Like most films that go to a painful extent of trying to recreate a Hollywood from a bygone era, ending up neither here nor there, Mank, too, suffers from this syndrome. Of course, the monochrome cinematography helps in achieving a certain kind of visual output, coupled with a gorgeous production design, and gives you the feel of what a 1930s/40s movie would look like in the digital era, but it doesn’t carry the bleaching white that you normally find in black and white movies, and lacks the shadows — almost none here. But Fincher, who could be a pain in the you-know-where when it comes to scene construction, goes to remarkable lengths to bring back that old school Hollywood feeling — I absolutely loved how a few scenes had little Cue Dots, used to denote the reel markings for projectionists.

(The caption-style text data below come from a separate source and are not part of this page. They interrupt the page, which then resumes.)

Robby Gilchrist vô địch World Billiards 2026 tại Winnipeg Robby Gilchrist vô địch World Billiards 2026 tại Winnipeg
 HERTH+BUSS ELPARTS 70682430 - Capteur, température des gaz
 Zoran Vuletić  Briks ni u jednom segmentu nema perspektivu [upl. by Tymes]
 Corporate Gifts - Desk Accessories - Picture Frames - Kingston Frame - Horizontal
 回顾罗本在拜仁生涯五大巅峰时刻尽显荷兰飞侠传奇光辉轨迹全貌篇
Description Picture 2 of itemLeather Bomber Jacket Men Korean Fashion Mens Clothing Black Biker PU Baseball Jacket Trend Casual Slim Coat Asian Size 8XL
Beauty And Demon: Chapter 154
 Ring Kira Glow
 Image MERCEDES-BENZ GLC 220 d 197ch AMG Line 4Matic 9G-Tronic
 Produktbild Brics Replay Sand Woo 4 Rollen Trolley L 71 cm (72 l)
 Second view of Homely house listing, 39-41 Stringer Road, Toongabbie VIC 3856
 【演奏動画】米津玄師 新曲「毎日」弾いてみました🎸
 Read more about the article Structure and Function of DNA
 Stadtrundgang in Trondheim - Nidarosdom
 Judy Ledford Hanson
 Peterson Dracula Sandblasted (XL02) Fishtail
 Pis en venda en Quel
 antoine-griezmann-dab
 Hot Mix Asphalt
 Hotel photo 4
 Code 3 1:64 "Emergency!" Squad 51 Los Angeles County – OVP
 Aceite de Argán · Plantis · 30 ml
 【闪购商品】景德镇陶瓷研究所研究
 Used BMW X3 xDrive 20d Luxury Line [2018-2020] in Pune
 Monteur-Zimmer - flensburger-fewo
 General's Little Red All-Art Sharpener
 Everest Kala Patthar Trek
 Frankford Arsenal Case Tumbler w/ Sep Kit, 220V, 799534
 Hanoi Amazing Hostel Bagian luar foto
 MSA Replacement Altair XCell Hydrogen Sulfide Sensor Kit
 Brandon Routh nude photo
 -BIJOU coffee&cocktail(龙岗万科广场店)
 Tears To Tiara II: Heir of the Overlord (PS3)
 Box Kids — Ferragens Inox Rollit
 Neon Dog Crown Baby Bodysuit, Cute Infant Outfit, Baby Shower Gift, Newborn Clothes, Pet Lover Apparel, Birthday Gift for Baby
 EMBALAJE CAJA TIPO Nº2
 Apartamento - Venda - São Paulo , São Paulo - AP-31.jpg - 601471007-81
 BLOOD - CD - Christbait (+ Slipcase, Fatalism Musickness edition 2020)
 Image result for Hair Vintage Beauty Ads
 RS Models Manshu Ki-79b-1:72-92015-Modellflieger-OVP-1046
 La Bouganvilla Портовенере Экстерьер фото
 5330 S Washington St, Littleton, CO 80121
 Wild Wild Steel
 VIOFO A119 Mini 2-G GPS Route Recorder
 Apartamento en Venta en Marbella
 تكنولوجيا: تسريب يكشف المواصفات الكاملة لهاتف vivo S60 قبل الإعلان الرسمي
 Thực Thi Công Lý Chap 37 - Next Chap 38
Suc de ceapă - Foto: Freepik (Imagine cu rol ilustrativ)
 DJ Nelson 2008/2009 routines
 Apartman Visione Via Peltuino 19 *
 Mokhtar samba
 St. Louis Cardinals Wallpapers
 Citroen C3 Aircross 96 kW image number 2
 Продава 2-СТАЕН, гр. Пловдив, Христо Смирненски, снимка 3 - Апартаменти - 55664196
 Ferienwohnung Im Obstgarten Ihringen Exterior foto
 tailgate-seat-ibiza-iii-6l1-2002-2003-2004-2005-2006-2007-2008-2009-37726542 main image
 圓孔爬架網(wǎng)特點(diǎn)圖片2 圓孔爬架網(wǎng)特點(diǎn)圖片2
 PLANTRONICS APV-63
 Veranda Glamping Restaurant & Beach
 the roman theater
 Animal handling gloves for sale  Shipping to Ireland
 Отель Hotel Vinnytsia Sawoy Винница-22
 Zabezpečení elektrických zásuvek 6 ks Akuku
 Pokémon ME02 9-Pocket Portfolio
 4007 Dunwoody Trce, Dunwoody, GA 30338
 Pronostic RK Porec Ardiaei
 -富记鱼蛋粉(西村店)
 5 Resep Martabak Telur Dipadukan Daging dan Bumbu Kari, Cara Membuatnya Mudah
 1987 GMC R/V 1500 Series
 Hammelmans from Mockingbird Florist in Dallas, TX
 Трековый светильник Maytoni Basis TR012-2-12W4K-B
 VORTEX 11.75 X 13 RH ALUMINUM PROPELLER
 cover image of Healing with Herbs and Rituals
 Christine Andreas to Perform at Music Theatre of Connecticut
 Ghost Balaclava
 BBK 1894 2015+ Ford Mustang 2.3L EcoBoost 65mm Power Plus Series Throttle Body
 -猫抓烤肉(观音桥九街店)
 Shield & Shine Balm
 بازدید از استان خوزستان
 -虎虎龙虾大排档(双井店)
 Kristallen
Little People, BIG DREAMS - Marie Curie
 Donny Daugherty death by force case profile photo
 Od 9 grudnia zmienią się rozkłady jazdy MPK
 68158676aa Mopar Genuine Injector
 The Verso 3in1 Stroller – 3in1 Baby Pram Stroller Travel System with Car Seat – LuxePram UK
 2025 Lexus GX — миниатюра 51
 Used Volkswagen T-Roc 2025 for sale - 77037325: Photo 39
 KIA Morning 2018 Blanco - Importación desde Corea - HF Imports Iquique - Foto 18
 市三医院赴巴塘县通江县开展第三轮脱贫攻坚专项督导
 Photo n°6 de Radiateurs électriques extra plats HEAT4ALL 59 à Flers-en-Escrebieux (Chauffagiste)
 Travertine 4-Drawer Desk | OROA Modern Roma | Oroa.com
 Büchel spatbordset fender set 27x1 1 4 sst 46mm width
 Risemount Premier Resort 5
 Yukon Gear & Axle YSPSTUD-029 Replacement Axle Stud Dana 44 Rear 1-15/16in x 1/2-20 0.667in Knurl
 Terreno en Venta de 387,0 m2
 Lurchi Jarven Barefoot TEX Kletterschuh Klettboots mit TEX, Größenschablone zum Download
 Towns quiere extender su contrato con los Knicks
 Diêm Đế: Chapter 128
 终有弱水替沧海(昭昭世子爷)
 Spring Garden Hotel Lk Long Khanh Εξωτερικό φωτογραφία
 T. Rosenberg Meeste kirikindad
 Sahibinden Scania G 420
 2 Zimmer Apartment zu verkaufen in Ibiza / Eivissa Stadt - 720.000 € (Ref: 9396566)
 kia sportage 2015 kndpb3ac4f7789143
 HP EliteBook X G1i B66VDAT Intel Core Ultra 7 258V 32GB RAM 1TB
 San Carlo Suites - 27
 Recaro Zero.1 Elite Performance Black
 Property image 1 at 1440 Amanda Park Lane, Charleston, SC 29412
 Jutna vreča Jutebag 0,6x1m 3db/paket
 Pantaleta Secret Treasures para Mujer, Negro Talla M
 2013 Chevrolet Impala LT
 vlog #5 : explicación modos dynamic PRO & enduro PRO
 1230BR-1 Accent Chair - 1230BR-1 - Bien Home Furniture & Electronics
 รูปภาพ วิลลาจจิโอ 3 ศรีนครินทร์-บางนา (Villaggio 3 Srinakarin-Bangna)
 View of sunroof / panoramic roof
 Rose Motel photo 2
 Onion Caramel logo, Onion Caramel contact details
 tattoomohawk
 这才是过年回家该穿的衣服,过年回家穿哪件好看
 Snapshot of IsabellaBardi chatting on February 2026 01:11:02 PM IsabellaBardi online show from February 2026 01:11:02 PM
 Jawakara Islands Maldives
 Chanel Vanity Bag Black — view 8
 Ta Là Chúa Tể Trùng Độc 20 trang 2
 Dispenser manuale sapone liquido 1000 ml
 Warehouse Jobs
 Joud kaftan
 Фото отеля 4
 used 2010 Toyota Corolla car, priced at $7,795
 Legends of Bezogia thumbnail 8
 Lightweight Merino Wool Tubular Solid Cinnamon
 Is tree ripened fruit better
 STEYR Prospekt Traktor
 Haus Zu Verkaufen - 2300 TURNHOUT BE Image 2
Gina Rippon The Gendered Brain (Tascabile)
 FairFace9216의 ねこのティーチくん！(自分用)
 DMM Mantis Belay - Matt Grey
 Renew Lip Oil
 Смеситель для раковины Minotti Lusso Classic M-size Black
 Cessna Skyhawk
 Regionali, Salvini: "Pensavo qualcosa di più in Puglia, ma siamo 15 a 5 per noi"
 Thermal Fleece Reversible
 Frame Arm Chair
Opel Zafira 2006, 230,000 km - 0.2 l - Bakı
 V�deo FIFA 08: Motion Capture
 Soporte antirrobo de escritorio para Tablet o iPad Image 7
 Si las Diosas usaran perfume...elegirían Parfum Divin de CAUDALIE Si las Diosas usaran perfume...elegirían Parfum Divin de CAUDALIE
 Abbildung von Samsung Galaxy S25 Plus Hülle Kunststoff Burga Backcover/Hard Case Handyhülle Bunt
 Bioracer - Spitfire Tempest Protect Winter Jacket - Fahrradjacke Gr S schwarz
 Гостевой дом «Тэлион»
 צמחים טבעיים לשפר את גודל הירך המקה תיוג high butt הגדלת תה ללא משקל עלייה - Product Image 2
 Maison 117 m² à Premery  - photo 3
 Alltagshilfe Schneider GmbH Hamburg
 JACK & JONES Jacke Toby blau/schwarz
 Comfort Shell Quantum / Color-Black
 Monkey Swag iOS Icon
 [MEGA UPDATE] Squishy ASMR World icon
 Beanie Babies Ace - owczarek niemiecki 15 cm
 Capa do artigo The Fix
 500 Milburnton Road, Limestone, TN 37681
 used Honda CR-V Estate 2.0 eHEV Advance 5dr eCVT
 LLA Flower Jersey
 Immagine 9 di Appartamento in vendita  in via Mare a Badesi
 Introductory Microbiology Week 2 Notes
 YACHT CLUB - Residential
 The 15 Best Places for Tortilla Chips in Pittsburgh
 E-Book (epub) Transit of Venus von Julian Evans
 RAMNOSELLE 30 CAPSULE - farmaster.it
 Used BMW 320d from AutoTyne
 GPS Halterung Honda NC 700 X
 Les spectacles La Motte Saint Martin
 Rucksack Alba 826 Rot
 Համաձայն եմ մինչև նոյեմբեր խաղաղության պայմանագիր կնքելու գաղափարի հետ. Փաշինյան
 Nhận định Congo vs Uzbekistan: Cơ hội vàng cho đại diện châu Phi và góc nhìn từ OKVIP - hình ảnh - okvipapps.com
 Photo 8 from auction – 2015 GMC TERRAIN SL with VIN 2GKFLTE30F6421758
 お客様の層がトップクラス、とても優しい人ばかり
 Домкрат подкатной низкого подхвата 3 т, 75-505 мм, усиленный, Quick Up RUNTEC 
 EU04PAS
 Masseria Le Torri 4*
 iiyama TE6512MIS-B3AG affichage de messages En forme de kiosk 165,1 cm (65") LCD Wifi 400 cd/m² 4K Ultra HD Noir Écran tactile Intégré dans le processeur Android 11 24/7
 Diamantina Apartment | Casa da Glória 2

Only a filmmaker who resists succumbing to romantic flirtations over a celebrated classic could possibly disassociate himself to make the kind of film that he makes. For starters, David Fincher doesn’t even think Citizen Kane is the greatest film. Mank is, however, a wishful filmmaking departure for Fincher who has long-been accused of getting into the minds of psychopaths and sociopaths, save for The Social Network and The Curious Case of Benjamin Button.

Pauline Kael’s laboriously endless essay was sharp and matter-of-fact that held a mirror to Hollywood, but what Fincher does in Mank is give us a rare insight into what could have transpired between Mank and Welles in making what is arguably one of the greatest films. Is Mank the only true author? Was Welles extremely insecure about maintaining his reputation as the man behind Citizen Kane? Did the film paint a sympathetic picture of Hearst? You never know. But what you do know is: “I don’t think any word can explain a man’s life.” This was the philosophy of Kane, which gets revised for the better in Mank: “You cannot capture a man’s life in two hours. All you can hope is to leave an impression of one.” And the film leaves one hell of an impression.

A couple of initial reviews were congratulatory in construing the film as David Fincher’s “love letter to Hollywood”. Given the grand fashion in which Mank’s outburst — at a “circus costume” party hosted by Hearst, in whose eyes he is no more than a “parable of organ’s grinder monkey”, which echoes when Orson Welles’ looming presence casts a shadow on him, dwarfing his figure and, perhaps, his contribution to Kane towards the end — is constructed, one suspects if the intention was to show the finger, to Welles, to Hearst, and to power. Perhaps, it was the only time Mank refused to budge.